Maritain refers to the difficulties, the great discomfort, of practicing “brotherly love and the love of the One who is the Truth.” He continues,

To begin with, it is at the very core of brotherly love that inevitably we suffer in our hearts, because those non-Christians whom we love like members of Christ, of the beloved Saviour, do not know Christ. There can be and certainly is much of truth in their baggage. But they do not know the Truth, the Truth that frees, and it is a great misfortune for them, and one great joy less for heaven and for Jesus. They continue to struggle with many chains, they still collide against many barriers along their road; there are for them still many traps in the shadows. Would we love them truly if we didn’t suffer because of what they lack? The more fraternal love grows, the more this suffering also grows. Clearly, if anyone delights in loving them, and receiving the gift of their friendship in return, but without experiencing any of this suffering, there is something unreal about his love.

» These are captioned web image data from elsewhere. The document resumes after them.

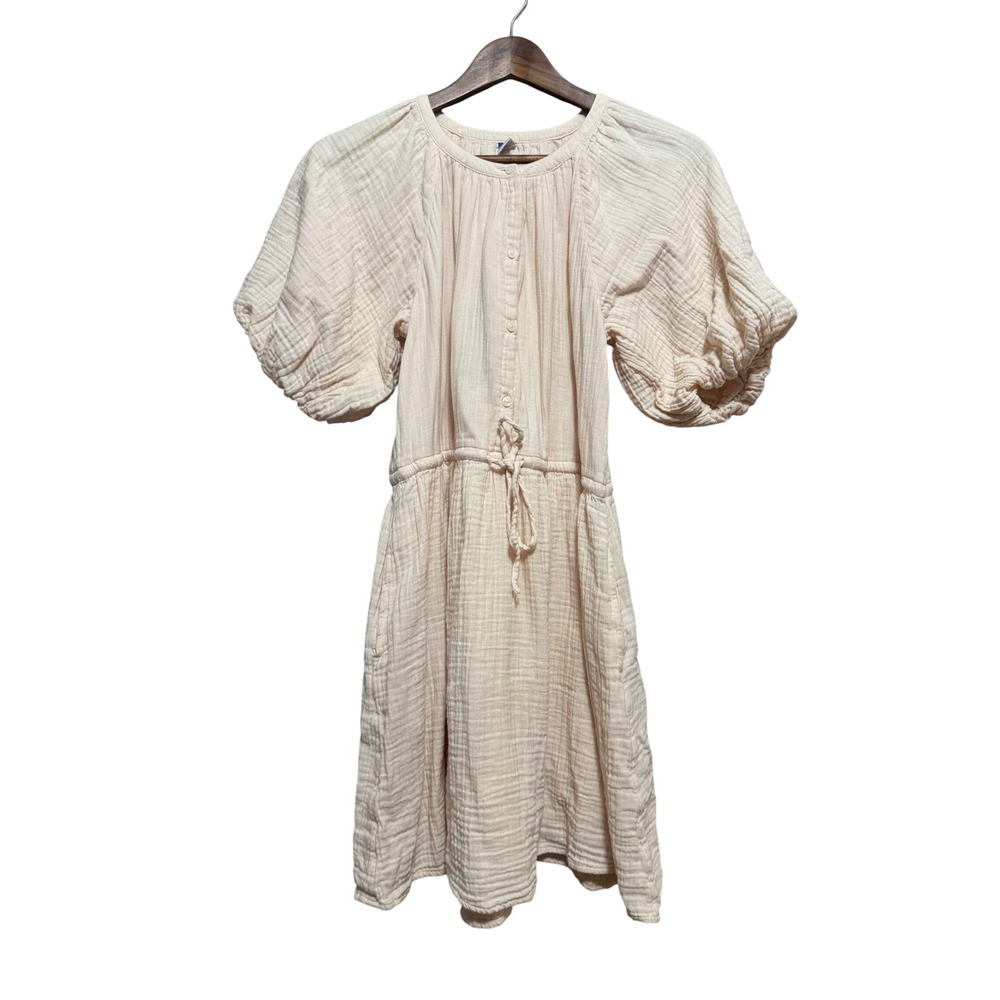 Old Navy Gauze Puff Sleeve Dress Womens S‎ Cream Excellent Drawstring Pocket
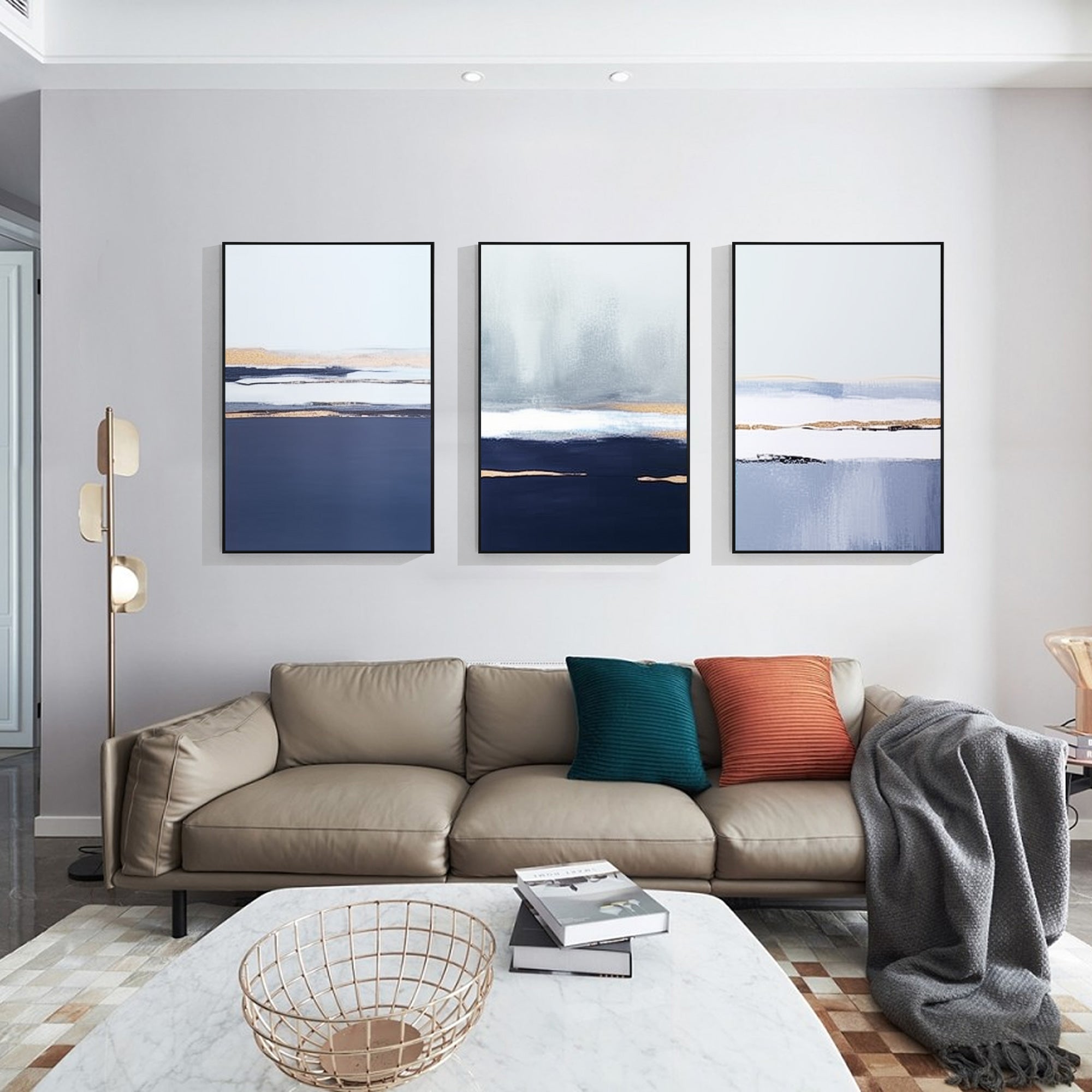 Set of 3 Ocean Abstract Painting_W016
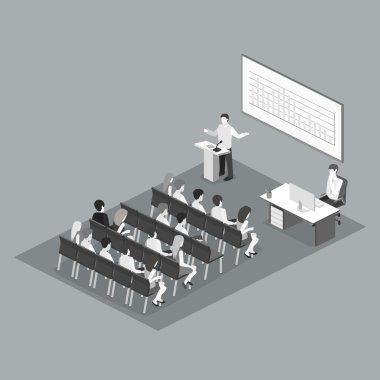 Konferans salonunda iş sunumu toplantısı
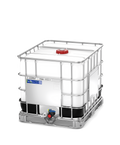 Schütz MX820 IBC 820L new intermediate bulk container with DN50 butterfly valve and steel pallet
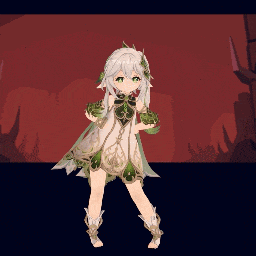 a pixel art of a girl with white hair and green leaves on her outfit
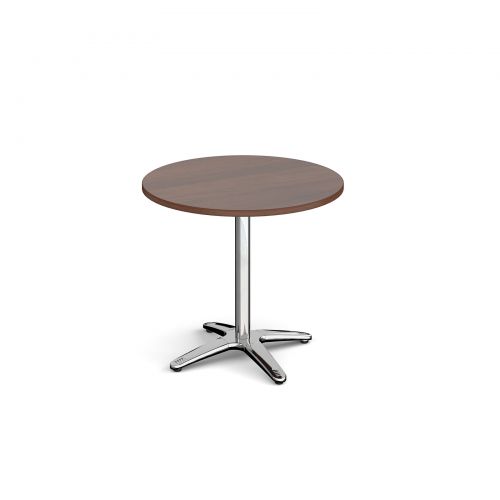 Roma circular dining table with 4 leg chrome base 800mm - walnut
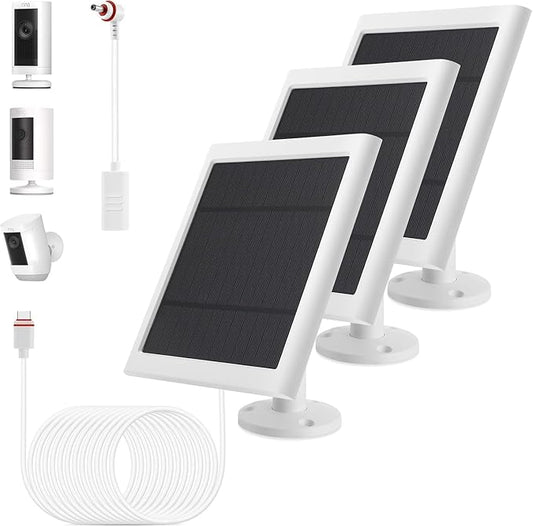 Solar Panel Outdoor for Ring Cameras (White 3P) Spotlight Cam Plus/Pro(Battery) Stick Up Cam/Pro Wireless Outdoor with 10FT/3M Long Cable Dustproof Waterproof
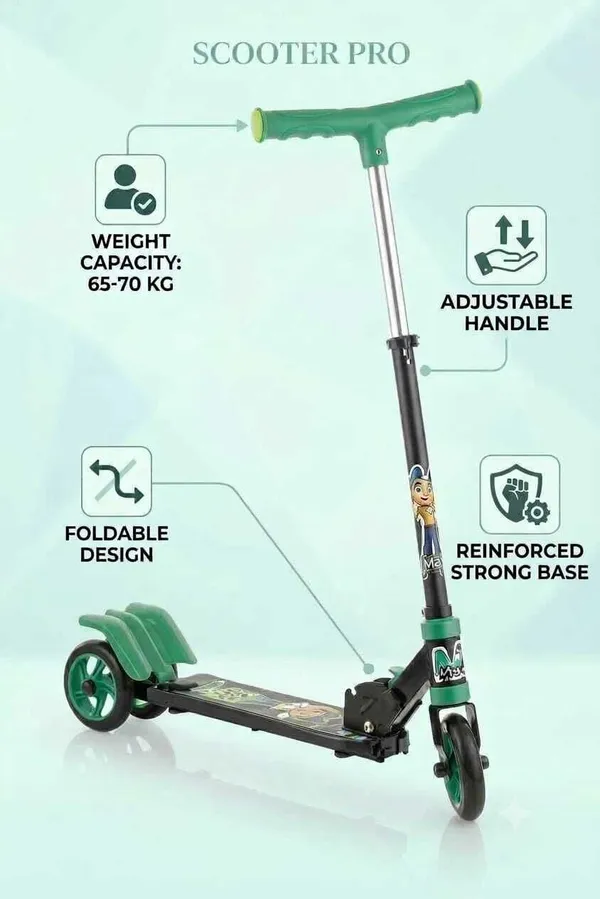 Fantasticbaby_3-Wheel_Scooter_with_Adjustable_Handlebar,_Colorful_Design_&_Sturdy_Wheels_Kids_Scooter_(Green,_Pack_of_1)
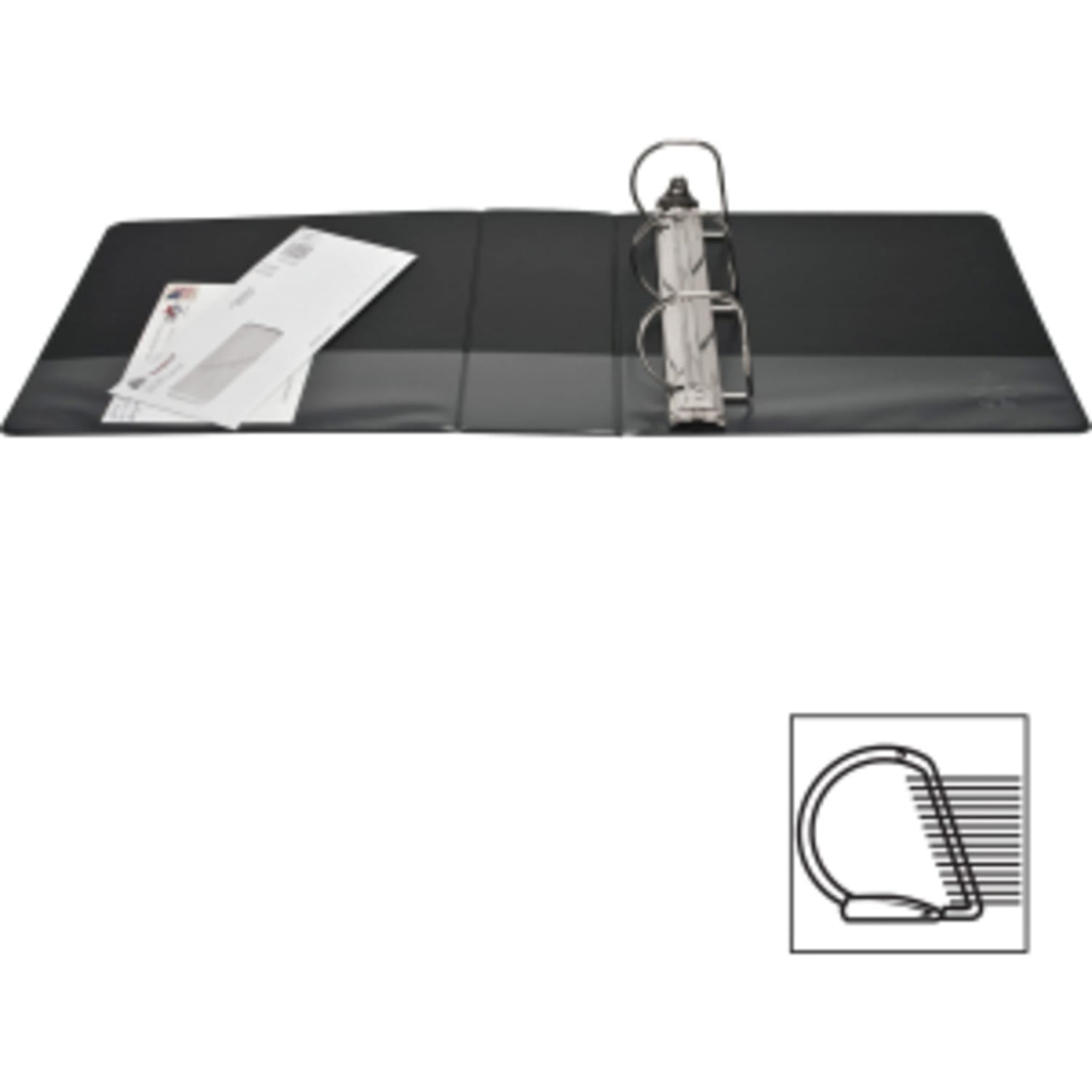 Business Source Basic D-Ring View Binders - 4in Binder Capacity - Letter - 8 1/2in x 11in Sheet Size - D-Ring Fastener(s) - Polypropylene - Black - 1 / Each - Image 4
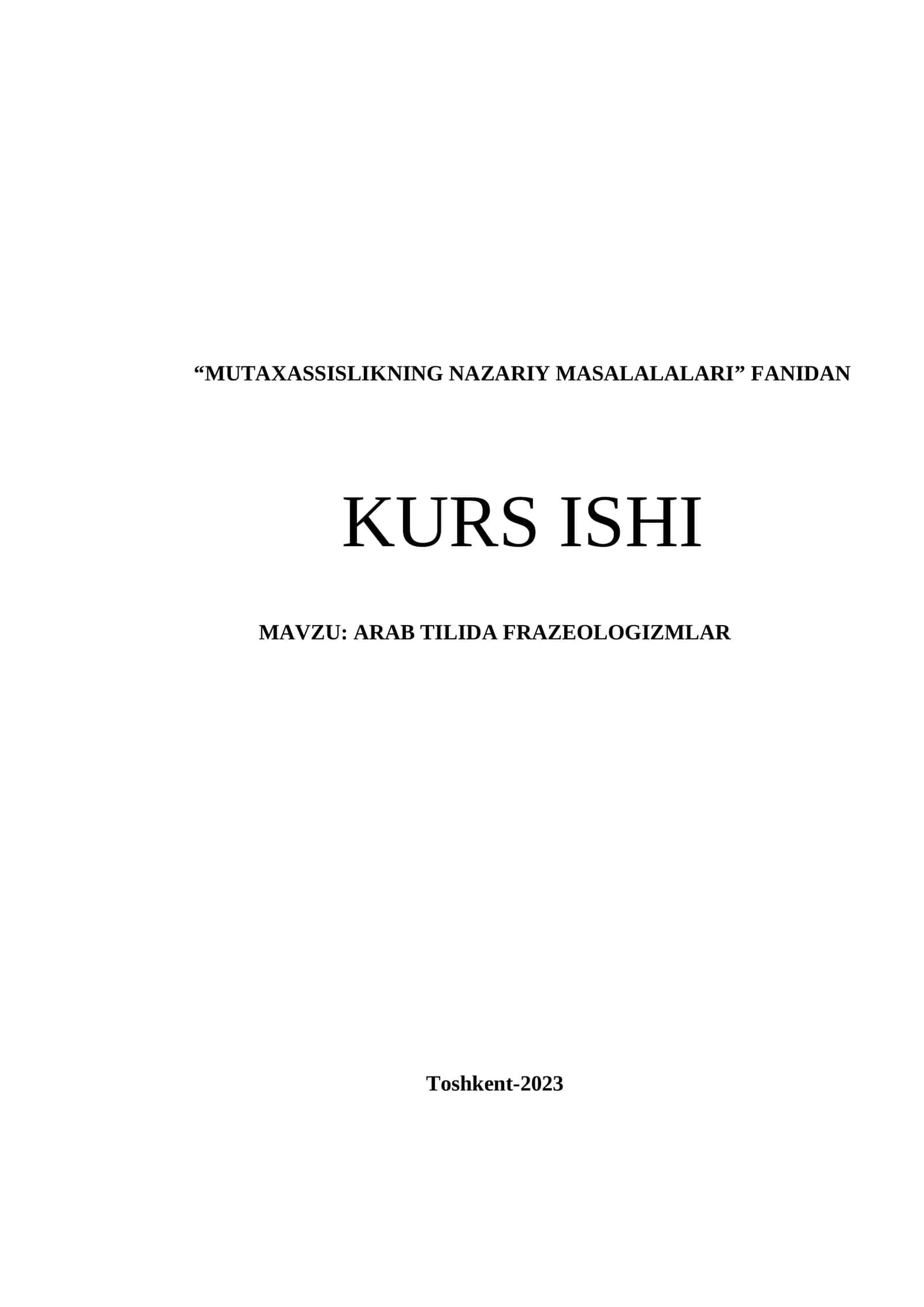 KURS ISHI Arab tilida frazeologizmlar 1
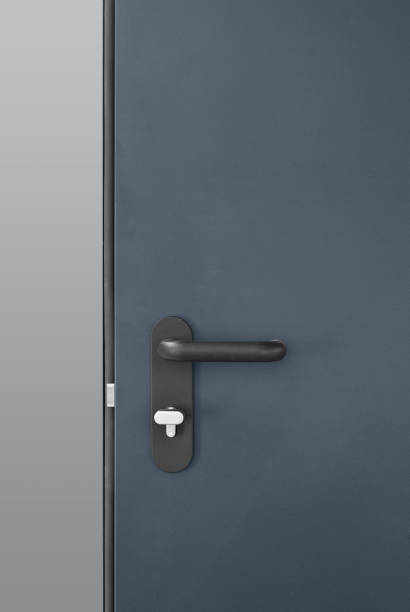 istock Steel Dark Blue Door With Lock And Black Plastic Handle 1131233407
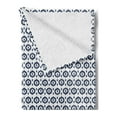 thumbnail image 2 of Ikat Soft Flannel Fleece Blanket, Indonesian Traditional Pattern Ornamental Geometric Motifs with Circles and Dots, Cozy Plush for Indoor and Outdoor Use, 50" x 60", Night Blue White, by Ambesonne, 2 of 5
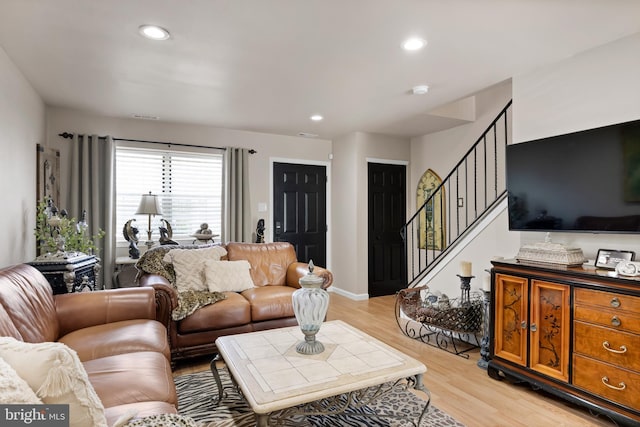811 Darrett Ct, Sewell, NJ 08080 - living area with light wood-type flooring, stairs, and recessed lighting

Maritain seeks the “natural joy” (Psalm 85:10 is in the background)

to contemplate in quite a few of our Christian brothers, entranced to be able at last to rub their noses, all atremble with enthusiasm, with the noses of all the sons of Adam.

I don’t soon expect to see my denominational brothers, or most American Christians, delighting to exchange a holy kiss or to practice certain other European or Middle Eastern forms of greeting among themselves, let alone with unbelievers. But I think Maritain is suggesting the rightness of just that kind of thing — of so delighting in the non-Christian as a brother or sister that we could all the more delight in him or her as a believer and full member of God’s household. Psalm 85 is about the restoration of a broken relationship — that between the LORD God and his people. So Maritain’s point is potent, poignant: in keeping faith with God, and with his gospel in the cross of Christ, how could the Christian not love thusly?

Maritain is not naive: a breach is possible when a non-Christian may reject doctrine — it could be a barrier. I agree. Perhaps, then, his point about the necessity of brotherhood, of true friendship, is chief. Jesus did say a thing or two, did he not, about friends and friendship? (John 15:13-15) Difficulties? You bet.

Novelist Will D. Campbell, in The Convention, in the novel’s closing scene at the home of Exell and Dorcas Rose McBride, at prayer time with their three mixed-ethnic foster children, including Leanne:

Leanne prayed the way she always did, for everything and everybody: the new kitten that Volene had gotten to replace Doshie: the Dominique rooster in a cardboard box on the back porch, his broken leg having been splinted by Dale Alan and Volene. Then Leanne called the names of everyone in the family and all the neighbors she could remember–especially for “Mister Leland who lives in the tar paper house on the left, just before you cross the river on the way to town who is bad sick and ain’t . . . uh . . . excuse me, God . . . I mean . . . and isn’t expected to live very long.” She thanked God for bringing Mama and Daddy home safely. She prayed for the fireflies in the jar and promised God that she would turn them loose in the morning if they didn’t smother.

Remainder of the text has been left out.